Using social media for news and updates is a bit like hearing it through the grapevine. Your intended audience may believe only half of what they see and none of what they hear. But all those Millennials on our teams present a huge opportunity to market our brands. Totaling up the hundreds or thousands of followers on each team’s Instagram or Facebook adds up to an awful lot of people. That presents a powerful reach. And if you can get them to engage, even ‘like’ the brand itself, then wow, that could be thousands of people to sell to.
But it’s tricky persuading service users spread across multiple locations to be a soapbox for our brands; we can’t dictate what they post or how. And if they do post, will they do so in a way that is authentic?
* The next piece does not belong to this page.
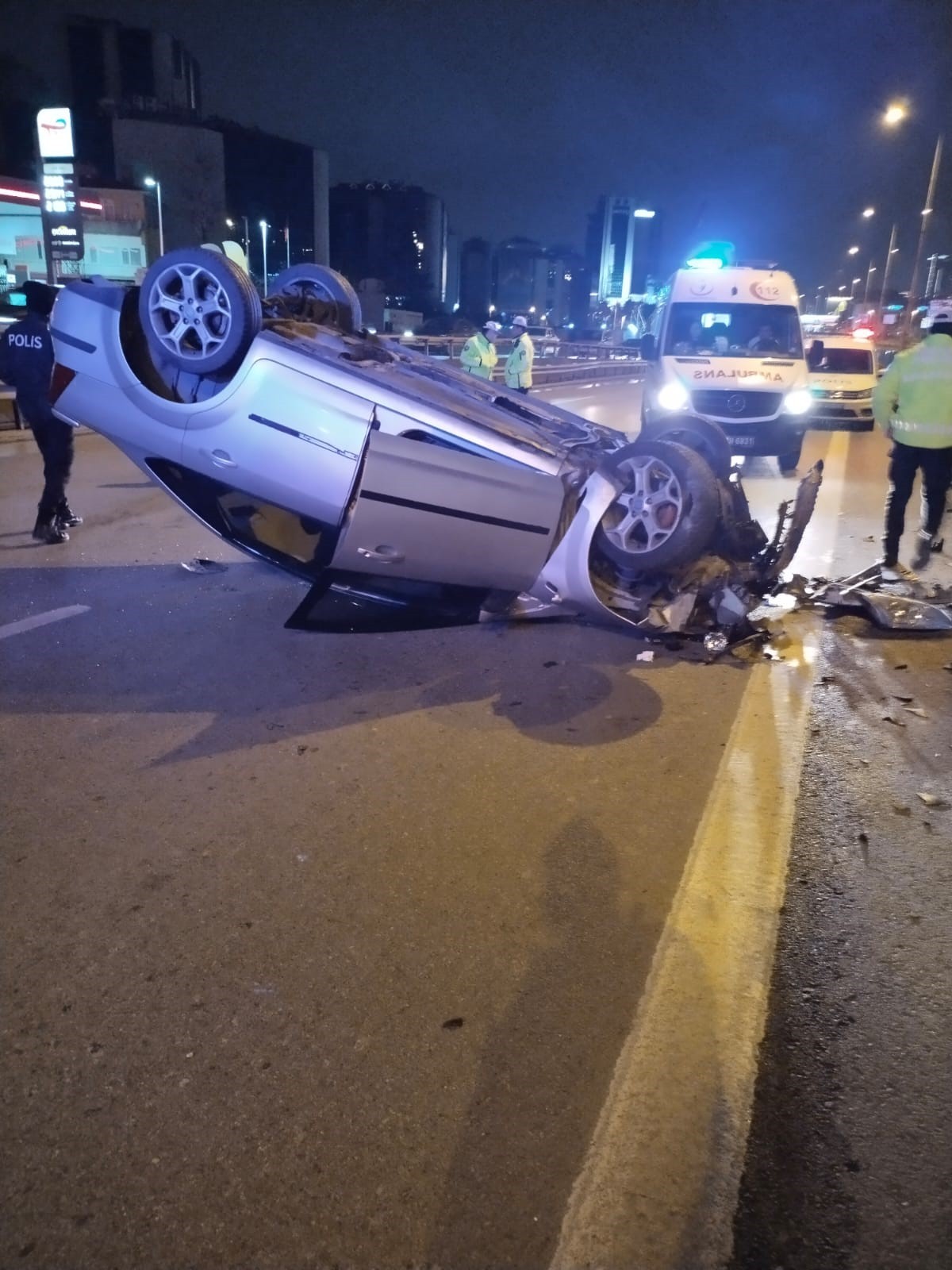 D-100de kontrolden çıkan araç takla attı: 3 yaralı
With more than 600 employees spread across 100 locations, we’ve had to find affordable and workable ways to inform our teams. Six months ago I decided to try using social media. I set up the GS Beauty Club. Membership is voluntary, free and fun, and interacting with club posts through sharing and reposting brings rewards – free tickets to events, free beauty products, even time off. Even simple membership brings benefits. This drives engagement better than if we’d forced everyone to join. Those who are involved want to be involved. They know to keep an eye on what we post.
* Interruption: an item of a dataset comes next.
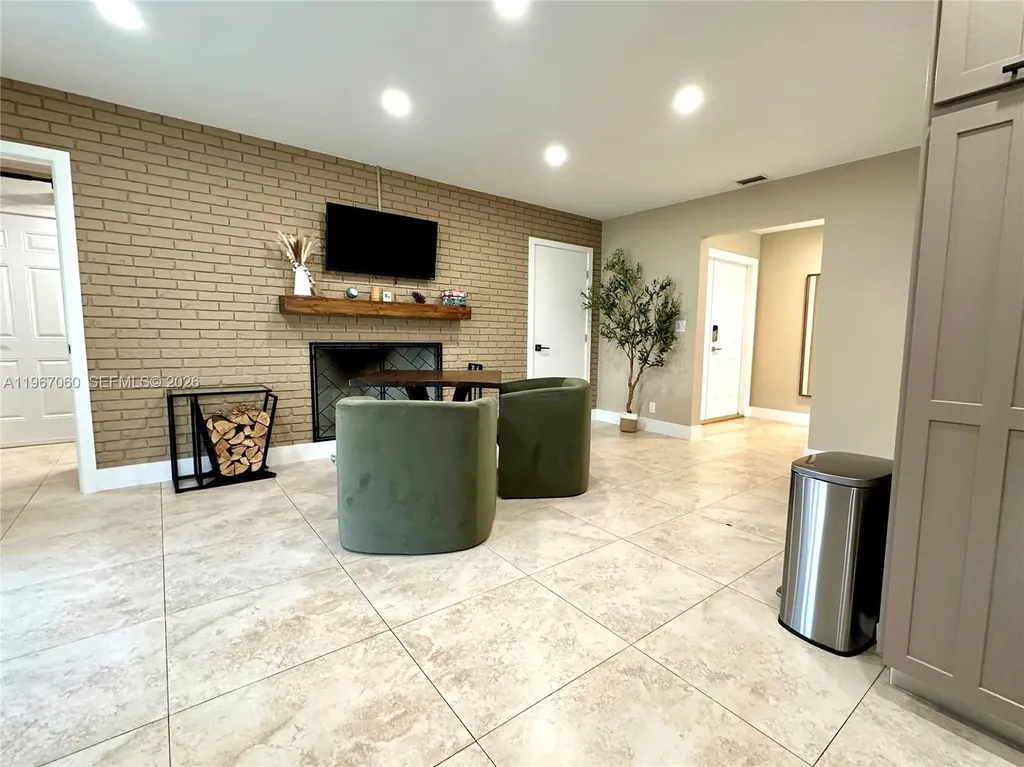 8203 NW 37th Street Coral Springs FL 33065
Our feed provides our teams with consumer-facing content that will bring value to their audiences, such as beauty tips, product use suggestions and inspirational images. They are then encouraged to share, which we monitor, and if a particular post is doing well then we’ll boost it ourselves, using geo-spacing to focus on those areas where it is performing the best. We quickly learned there is no point in boosting a poorly performing post to get more engagements; much better to boost the ones people want to see.
The aim of the club and the content we share is to help teams build their business in the salons plus create a sense of camaraderie among their members, some of whom might work at the same location yet hardly know one another because of shift rosters. I believe it is also helping drive up retail sales.
We bolster this consumer activity with posts on our internal platform focused on education, product knowledge and team identity. It doesn’t replace team education; rather it complements it, giving them information on a platform they use and in a format they are comfortable with.
It’s just six months, and so early days to go public on growth, but we are now up at 50 per cent of the team joined up as members and actively reposting our content. I’m very happy with that.